Lo que va de ayer a hoy
De esta partera ha dicho el escritor Andrés Ibáñez: “Apariencia y realidad. Flores y tiempo. Comentario a la letrilla gongorina ‘Aprended, flores, en mí, lo que va de ayer a hoy’. La búsqueda de la sencillez conduce al palacio de la complejidad. Descubriendo la complejidad como atributo de la sencillez. Complejidad de las flores. Complejidad del reflejo. Teorías de reflejo y verdad, de poesía y verdad, de apariencia y transformación de la apariencia. Cálculos matemáticos de la refracción de la luz. La complejidad como lo opuesto a lo complicado. Flores sumergidas. Mundos sumergidos. Burbujas. Esferas. Millones de mundos. Planetas, estrellas, constelaciones. Todo dentro de un jarrón. El universo dentro de un vaso de agua”.

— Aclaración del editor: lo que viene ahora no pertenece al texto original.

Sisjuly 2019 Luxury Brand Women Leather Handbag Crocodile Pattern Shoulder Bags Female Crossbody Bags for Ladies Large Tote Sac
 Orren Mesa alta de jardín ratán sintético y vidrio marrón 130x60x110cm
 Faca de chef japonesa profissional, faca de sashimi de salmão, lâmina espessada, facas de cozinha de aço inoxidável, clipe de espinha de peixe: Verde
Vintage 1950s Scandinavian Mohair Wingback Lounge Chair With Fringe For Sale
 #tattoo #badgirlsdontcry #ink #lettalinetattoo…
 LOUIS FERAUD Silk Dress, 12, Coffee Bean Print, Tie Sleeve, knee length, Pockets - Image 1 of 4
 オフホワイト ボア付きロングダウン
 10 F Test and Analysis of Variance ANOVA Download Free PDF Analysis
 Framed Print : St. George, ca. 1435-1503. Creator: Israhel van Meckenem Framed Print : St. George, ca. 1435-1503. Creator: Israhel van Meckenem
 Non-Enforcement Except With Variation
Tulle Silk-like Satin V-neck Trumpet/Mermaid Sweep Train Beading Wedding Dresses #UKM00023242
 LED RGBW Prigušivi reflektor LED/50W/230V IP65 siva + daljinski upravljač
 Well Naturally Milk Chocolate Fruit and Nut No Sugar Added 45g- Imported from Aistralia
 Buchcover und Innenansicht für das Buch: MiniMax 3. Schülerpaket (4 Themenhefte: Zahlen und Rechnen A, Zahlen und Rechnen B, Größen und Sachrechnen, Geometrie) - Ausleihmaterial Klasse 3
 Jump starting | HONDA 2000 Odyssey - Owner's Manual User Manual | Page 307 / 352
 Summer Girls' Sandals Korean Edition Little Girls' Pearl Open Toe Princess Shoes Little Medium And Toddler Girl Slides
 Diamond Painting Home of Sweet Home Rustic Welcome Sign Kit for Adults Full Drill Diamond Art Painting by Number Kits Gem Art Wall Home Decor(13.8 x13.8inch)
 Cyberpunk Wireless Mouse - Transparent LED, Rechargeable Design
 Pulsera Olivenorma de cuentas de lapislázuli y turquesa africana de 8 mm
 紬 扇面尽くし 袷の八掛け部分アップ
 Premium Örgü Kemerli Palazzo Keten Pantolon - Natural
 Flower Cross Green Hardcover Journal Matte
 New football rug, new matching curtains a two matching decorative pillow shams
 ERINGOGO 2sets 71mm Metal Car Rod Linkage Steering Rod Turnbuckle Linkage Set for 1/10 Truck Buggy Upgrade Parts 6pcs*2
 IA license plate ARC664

Paseamos entre la grandeza de las acelgas y los nardos, y no es difícil imaginarse a Pilar Pequeño en su casa de Polop (Alicante), ausente, más ahora que los sonidos y ruidos del exterior le llegan muy apaciguados, concentrada en el haz de luz que atraviesa un agapanto.
‘Naturalezas Muertas’. PhotoEspaña 2019. En la galería Marita Segovia, Madrid. Hasta el 27 de julio.